Les dispositions des articles L.1235-3 et L.1235-3-1 du code du travail, qui octroient au salarié, en cas de licenciement injustifié, une indemnité à la charge de l'employeur, dont le montant est compris entre des montants minimaux et maximaux variant en fonction du montant du salaire mensuel et de l'ancienneté du salarié et qui prévoient que, dans les cas de licenciements nuls dans les situations ci-dessus énumérées, le barème ainsi institué n'est pas applicable, permettent raisonnablement l'indemnisation de la perte injustifiée de l'emploi.
Le caractère dissuasif des sommes mises à la charge de l'employeur est également assuré par l'application, d'office par le juge, des dispositions de l'article L. 1235-4 du code du travail.
Les dispositions des articles L. 1235-3, L. 1235-3-1 et L. 1235-4 du code du travail sont ainsi de nature à permettre le versement d'une indemnité adéquate ou une réparation considérée comme appropriée au sens de l'article 10 de la Convention n° 158 de l'OIT.
Il en résulte que les dispositions de l'article L. 1235-3 du code du travail sont compatibles avec les stipulations de l'article 10 de la Convention précitée.
En application des dispositions de l'article L.1235-3 telles qu'issues de l'ordonnance n° 2017-1387 du 22 septembre 2017 tenant compte du montant de la rémunération de M. [X] [T] ( 7481 euros en moyenne), de la somme de 101.291,65 euros versée à titre d'indemnité conventionnelle de licenciement et de son ancienneté en années complètes (23 années), dans une entreprise comptant au moins onze salariés, la cour retient que l'indemnité à même de réparer intégralement le préjudice de M. [X] [T] doit être évaluée à la somme de 112.215,00 euros correspondant à l'équivalent de 15 mois de salaire brut.
L'entreprise employant habituellement au moins onze salariés et le salarié présentant une ancienneté de plus de deux ans, il sera fait application des dispositions de l'article L.1235-4 du code du travail.

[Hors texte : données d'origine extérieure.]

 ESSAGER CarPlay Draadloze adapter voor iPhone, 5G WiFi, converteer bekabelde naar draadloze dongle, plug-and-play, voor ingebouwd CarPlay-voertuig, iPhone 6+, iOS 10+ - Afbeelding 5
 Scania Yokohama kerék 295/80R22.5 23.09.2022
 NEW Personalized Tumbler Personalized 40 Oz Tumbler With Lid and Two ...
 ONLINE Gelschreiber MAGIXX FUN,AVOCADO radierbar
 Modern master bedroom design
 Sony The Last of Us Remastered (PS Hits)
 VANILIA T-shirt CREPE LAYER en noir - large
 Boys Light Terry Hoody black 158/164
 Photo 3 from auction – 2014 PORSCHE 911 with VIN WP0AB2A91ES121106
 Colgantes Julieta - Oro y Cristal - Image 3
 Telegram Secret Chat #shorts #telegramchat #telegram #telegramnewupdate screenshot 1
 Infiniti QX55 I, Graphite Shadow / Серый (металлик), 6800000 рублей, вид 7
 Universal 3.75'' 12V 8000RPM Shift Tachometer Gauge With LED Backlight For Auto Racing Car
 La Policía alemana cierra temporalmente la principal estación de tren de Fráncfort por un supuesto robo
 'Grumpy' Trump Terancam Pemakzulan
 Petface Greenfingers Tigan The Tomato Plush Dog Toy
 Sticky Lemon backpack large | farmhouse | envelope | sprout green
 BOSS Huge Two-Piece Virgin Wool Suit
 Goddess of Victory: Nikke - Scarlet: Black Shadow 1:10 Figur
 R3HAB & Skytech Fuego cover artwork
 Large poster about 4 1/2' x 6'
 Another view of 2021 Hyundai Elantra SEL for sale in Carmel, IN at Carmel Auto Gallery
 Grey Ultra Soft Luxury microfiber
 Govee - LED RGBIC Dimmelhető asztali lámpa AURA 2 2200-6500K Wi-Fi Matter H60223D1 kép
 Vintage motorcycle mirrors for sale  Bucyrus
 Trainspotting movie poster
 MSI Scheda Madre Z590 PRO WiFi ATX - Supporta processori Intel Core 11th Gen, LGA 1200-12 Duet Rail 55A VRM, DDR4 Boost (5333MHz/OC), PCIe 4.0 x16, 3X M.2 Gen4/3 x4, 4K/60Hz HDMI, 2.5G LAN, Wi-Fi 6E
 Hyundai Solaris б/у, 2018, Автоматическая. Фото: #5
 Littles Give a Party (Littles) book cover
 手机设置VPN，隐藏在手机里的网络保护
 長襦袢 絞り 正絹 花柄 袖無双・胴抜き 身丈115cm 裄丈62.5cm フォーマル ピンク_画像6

Sur le préjudice distinct résultant du caractère vexatoire du licenciement
M. [X] [T] ne caractérise aucun comportement fautif de l'employeur dans les circonstances de la rupture, le seul fait que le licenciement soit jugé injustifié ne pouvant être assimilé à un comportement fautif de l'employeur.
Sur la demande de paiement des heures supplémentaires
Aux termes de l'article L3171-4 du code du travail, en cas de litige relatif à l'existence ou au nombre d'heures de travail effectuées, l'employeur doit fournir au juge les éléments de nature à justifier les horaires effectivement réalisés par le salarié ; le juge forme sa conviction au vu de ces éléments et de ceux fournis par le salarié à l'appui de sa demande après avoir ordonné, en cas de besoin, toutes les mesures d'instruction qu'il estime utiles.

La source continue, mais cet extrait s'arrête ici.